Dopo circa due anni si va, inevitabilmente, verso una decisione conclusiva sulla concessione di Autostrade. Ciò che davvero dovrebbe preoccupare della gestione di questo dossier non sarà tanto l’esito, qualunque esso sia, quanto il metodo con cui il governo ha proceduto.
Poche ore dopo il crollo del ponte Morandi a Genova, importanti ministri e lo stesso premier annunciarono l’imminente revoca della concessione ad Aspi, questo ovviamente ancor prima di aver avviato l’iter amministrativo che avrebbe dovuto verificare la grave inadempienza del concessionario. Nei mesi successivi il ministero delle Infrastrutture ha nominato una commissione di giuristi per studiare il caso e la task force, pur segnalando le gravi inadempienze dell’azienda controllata dai Benetton, ha rilevato che la revoca della concessione comporta un alto rischio di soccombere in un contenzioso. A questo punto, il governo ha cambiato il quadro normativo della concessione inserendo per decreto una norma che riduce del 70 per cento (da 23 a 7 miliardi) il costo dell’indennizzo statale in caso di revoca.
Questa modifica unilaterale ha condotto al taglio del rating di Atlantia/Aspi, facendolo scivolare a livello spazzatura e impedendo così al gruppo di finanziarsi sul mercato. Così, dopo aver legato le mani alla controparte per via legislativa e messo la pistola amministrativa della revoca sul tavolo, il governo ha impostato una trattativa.
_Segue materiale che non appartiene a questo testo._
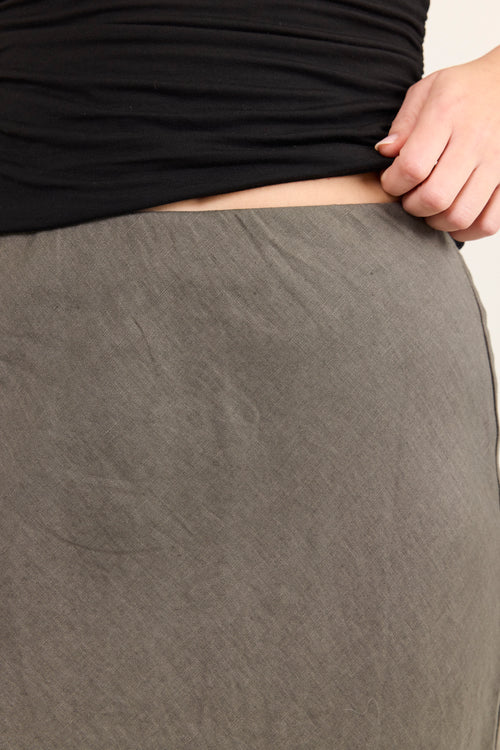 Close-up of a person wearing a dark gray skirt or wrap skirt, pulling the fabric outward with one hand to show its drape and texture. A black top is also visible.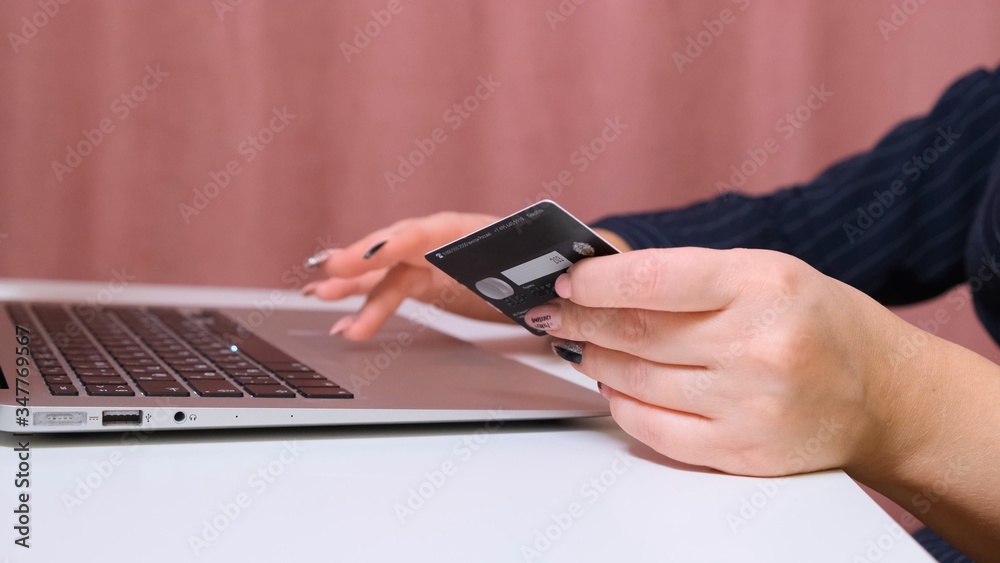 female hands make a purchase on the Internet using a laptop, payment by card, close-up. female hands make a purchase on the Internet using a laptop, payment by card, close-up.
Tra le condizioni della resa, oltre a un risarcimento miliardario e alla riduzione delle tariffe, lo stato pretende anche l’uscita di scena del principale azionista (Benetton).
Quello del governo che decide e ridefinisce l’assetto proprietario delle aziende (quotate e no), sotto la minaccia del potere politico-statale, è un precedente molto pericoloso, che in genere si vede in regimi poco democratici. Un segnale pessimo per gli investitori. A questo punto, se il governo ritiene Aspi inadempiente e inadeguata a gestire la rete autostradale, è preferibile la via della revoca della concessione e della sua definizione nei tribunali. E’ un metodo più lineare e trasparente, rispettoso sia dello stato di diritto sia delle regole del mercato.